We thus have abundant evidence pointing to the Friday-Saturday-Sunday chronology, with Jesus being raised “on the third day.”


“Three Days and Three Nights”?

How, then, do we explain the single verse in which Jesus says he will be in the belly of the earth for “three days and three nights”?

If we took that literally to mean three full days—no more and no less—then it would mean Jesus would be dead for exactly 72 hours, which would place the Resurrection at 3 p.m.—something nobody proposes.

We must therefore recognize that this expression is not to be taken fully literally. It involves a figurative expression.

To understand that expression, we can’t impose our own culture’s ideas. We need to look at how ancient Jewish authors used language, and here scholars are clear.

As conservative Protestant Bible scholar R. T. France notes: “Three days and three nights was a Jewish idiom to a period covering only two nights” (Matthew, 213). 

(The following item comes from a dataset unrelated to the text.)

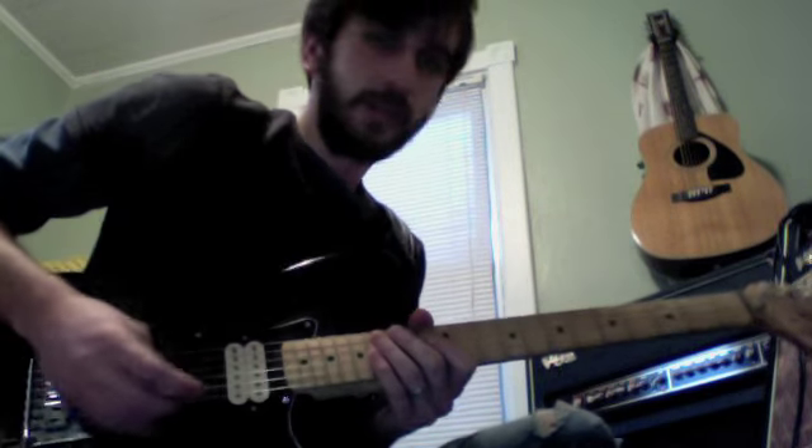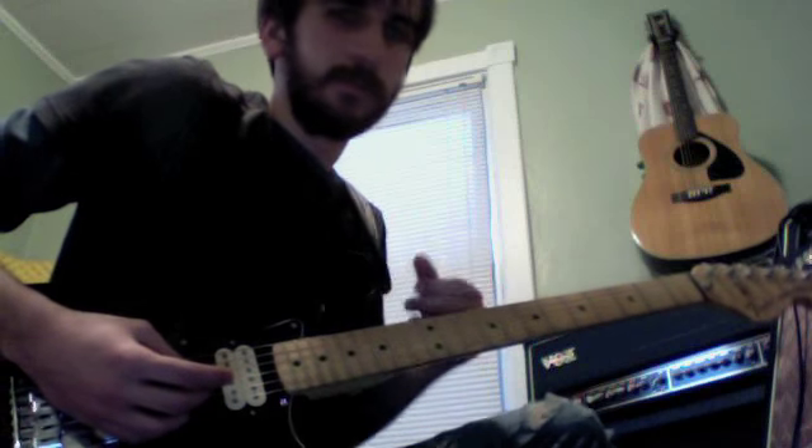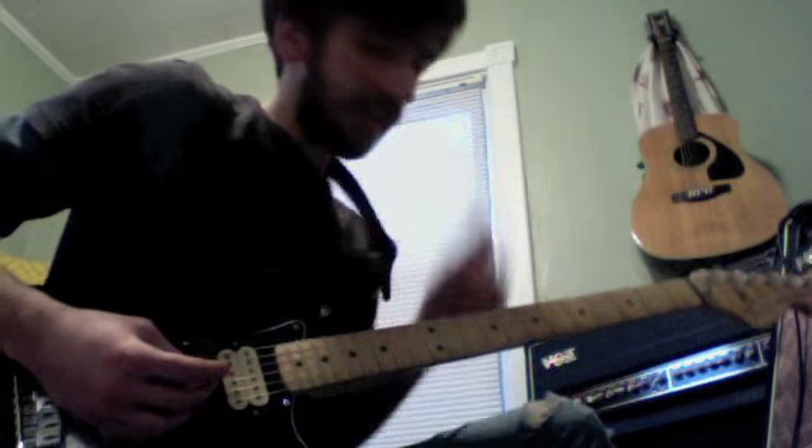So, you know, nothing incredible — well, I mean it is incredible, but no crazy pedals for that or anything. Alright, here we go.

Similarly, D. A. Carson, another conservative Protestant Bible scholar, explains: “In rabbinical thought a day and a night make an onah, and a part of an onah is as the whole. . . . Thus according to Jewish tradition, ‘three days and three nights’ need mean no more than ‘three days’ or the combination of any part of three separate days” (Expositor’s Bible Commentary, 8:296).

“Three days and three nights” is just an especially demonstrative way of saying “three days.” It doesn’t literally mean 72 hours.

And because of the ancients’ tendency to count parts for wholes—that is, to round numbers up—the three days of Jesus’ death were the final part of Friday, all of Saturday, and the first part of Sunday.

Of course, the phrase “three days and three nights”—with no further context—could mean 72 hours, but we have context for Matthew’s use of this phrase.

Ultimately, one cannot use a single verse that can be understood in more than one way to overturn all other the evidence we have from the New Testament—and from later in the Gospel of Matthew itself.

Scholars thus are on safe ground when they maintain the historic position that Jesus was crucified on a Friday.